[[ DATA SHOWN, beginning ]]

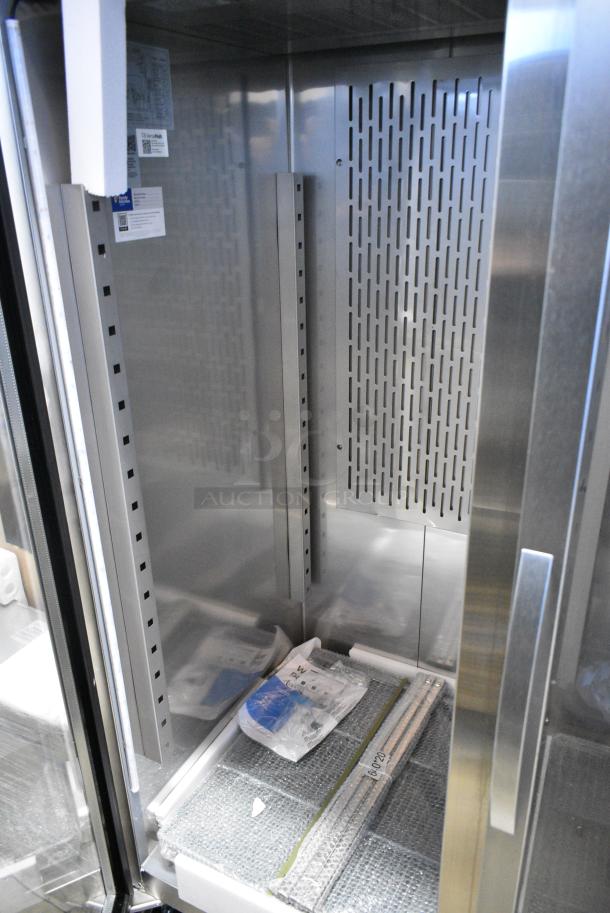 BRAND NEW SCRATCH AND DENT! 2023 Avantco 178Z2RGHC Stainless Steel Commercial 2 Door Reach In Cooler Merchandiser on Commercial Casters. 115 Volts, 1 Phase. Tested and Working! - Image 4 of 7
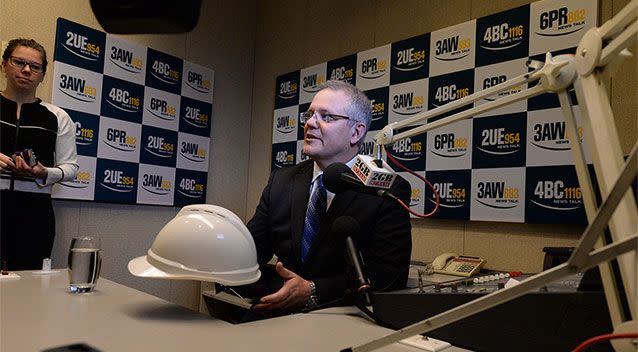 With an inkling of what to expect, Mr Morrison came to the interview armed with a hard hat. Photo: AAP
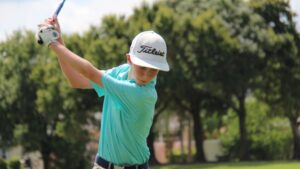 Young male junior golfer wearing a white Titleist hat and a striped turquoise shirt mid-swing with a driver on a sunny course.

[[ DATA SHOWN, end ]]

• _WORK REQUIRED_: An exact copy of all the data above is required; omit any pictures.

• _RESPONSE_:
 BRAND NEW SCRATCH AND DENT! 2023 Avantco 178Z2RGHC Stainless Steel Commercial 2 Door Reach In Cooler Merchandiser on Commercial Casters. 115 Volts, 1 Phase. Tested and Working! - Image 4 of 7
 With an inkling of what to expect, Mr Morrison came to the interview armed with a hard hat. Photo: AAP
 Young male junior golfer wearing a white Titleist hat and a striped turquoise shirt mid-swing with a driver on a sunny course.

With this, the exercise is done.